Last week someone tweeted a link to Write code that is easy to delete, not easy to extend. It contains a lot of great advice on how to create codebases that are easy to maintain and easy to change, the latter being an essential feature of almost any code that is the former. I liked this article so much that I wanted to share some of its advice here. What follows are a few of the many one- and two-liners that serve as useful slogans for building maintainable software, with light commentary.

... repeat yourself to avoid creating dependencies, but don't repeat yourself to manage them.

This line from the first page of the paper hooked me. I'm not sure I had ever had this thought, at least not so succinctly, but it captures a bit of understanding that I think I had. Reading this, I knew I wanted to read the rest of the article.

Make a util directory and keep different utilities in different files. A single util file will always grow until it is too big and yet too hard to split apart. Using a single util file is unhygienic.

This isn't the sort of witticism that I quote in the rest of this post, but its solid advice that I've come to live by over the years. I have this pattern.

Boiler plate is a lot like copy-pasting, but you change some of the code in a different place each time, rather than the same bit over and over.

I really like the author's distinction between boilerplate and copy-and-paste. Copy-and-paste has valuable uses (heresy, I know; more later), whereas boilerplate sucks the joy out of almost every programmer's life.

You are writing more lines of code, but you are writing those lines of code in the easy-to-delete parts.

Another neat distinction. Even when we understand that lines of code are an expense as much as (or instead of) an investment, we know that sometimes we have write more code. Just do it in units that are easy to delete.

A lesson in separating concerns, from Python libraries:

requests is about popular http adventures, urllib3 is about giving you the tools to choose your own adventure.

Layers! I have had users of both of these libraries suggest that the other should not exist, but they serve different audiences.
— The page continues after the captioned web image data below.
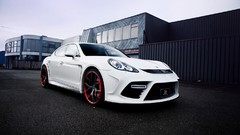 White cars Porsche Panamera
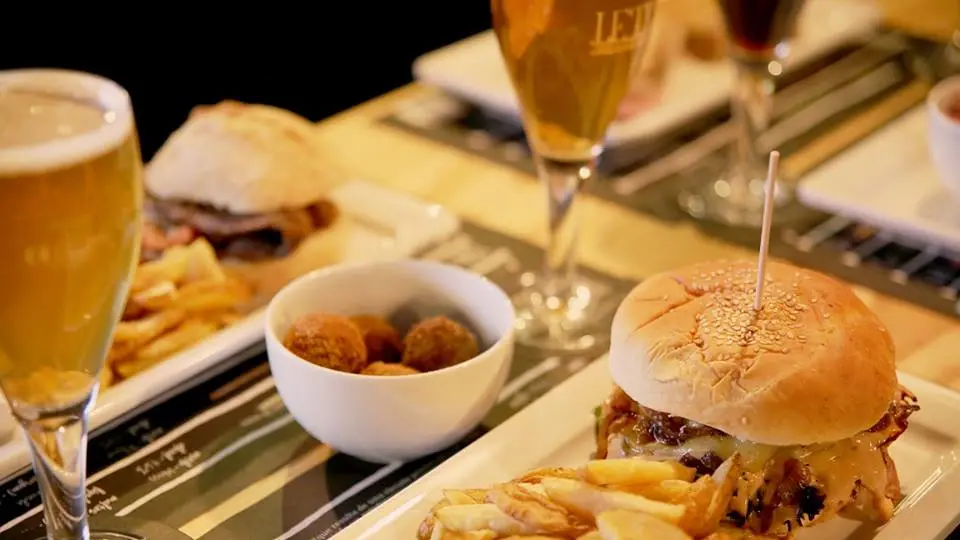 Interior e pratos do Letraria - Brewpub em Vila Verde, Amares (3)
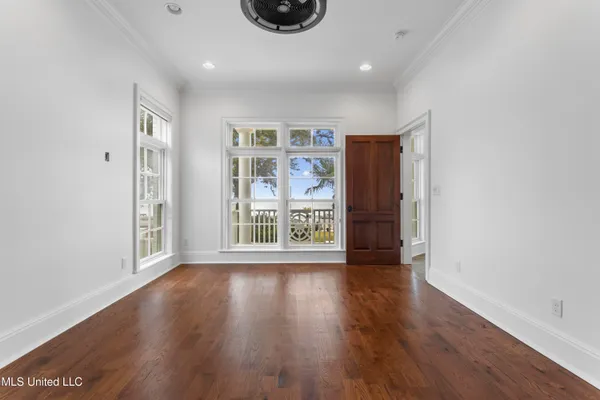 $1,495,000 | 1016 Beach Boulevard, Biloxi, MS 39530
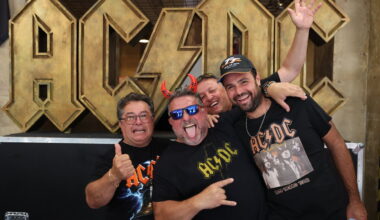 Disques, paillasson, flasque… À Paris, les fans affluent au pop-up store d’AC/DC : « Il y a plein de trucs variés »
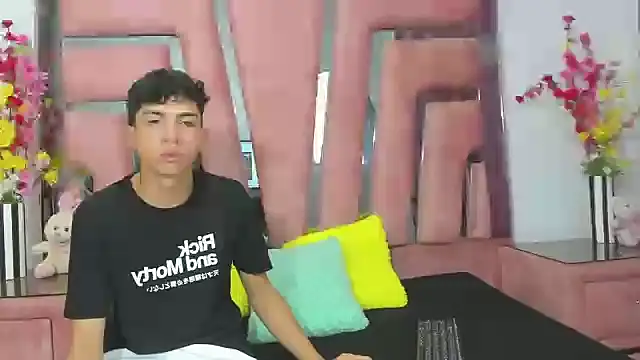 Snapshot of AdmedThot chatting on November 19, 2025, 3:28 am AdmedThot online show from November 19, 2025, 3:28 am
They meet different needs in a way that that more than makes up for the cost of the supposed duplication.

Building a pleasant to use API and building an extensible API are often at odds with each other.

There's nothing earth-shattering in this observation, but I like to highlight different kinds of trade-off whenever I can. Every important decision we make writing programs is a trade-off.

Good APIs are designed with empathy for the programmers who will use it, and layering is realising we can't please everyone at once.

This advice elaborates on the quote earlier to repeat code in order not to create dependencies, but not to manage them. Creating a separate API is one way to avoid dependencies to code that are hard to delete.

Sometimes it's easier to delete one big mistake than try to delete 18 smaller interleaved mistakes.

Sometimes it really is best to write a big chunk of code precisely because it is easy to delete. An idea that is distributed throughout a bunch of functions or modules has to be disentangled before you can delete it.

Becoming a professional software developer is accumulating a back-catalogue of regrets and mistakes.

I'm going to use this line in my spring Programming Languages class. There are unforeseen advantages to all the practice we profs ask students to do. That's where experience comes from.

We are not building modules around being able to re-use them, but being able to change them.

This is another good bit of advice for my students, though I'll write this one more clearly. When students learn to program, textbooks often teach them that the main reason to write a function is that you can reuse it later, thus saving the effort of writing similar code again. That's certainly one benefit of writing a function, but experienced programmers know that there are other big wins in creating functions, classes, and modules, and that these wins are often even more valuable than reuse. In my courses, I try to help students appreciate the value of names in understanding and modifying code. Modularity also makes it easier to change and, yes, delete code. Unfortunately, students don't always get the right kind of experience in their courses to develop this deeper understanding.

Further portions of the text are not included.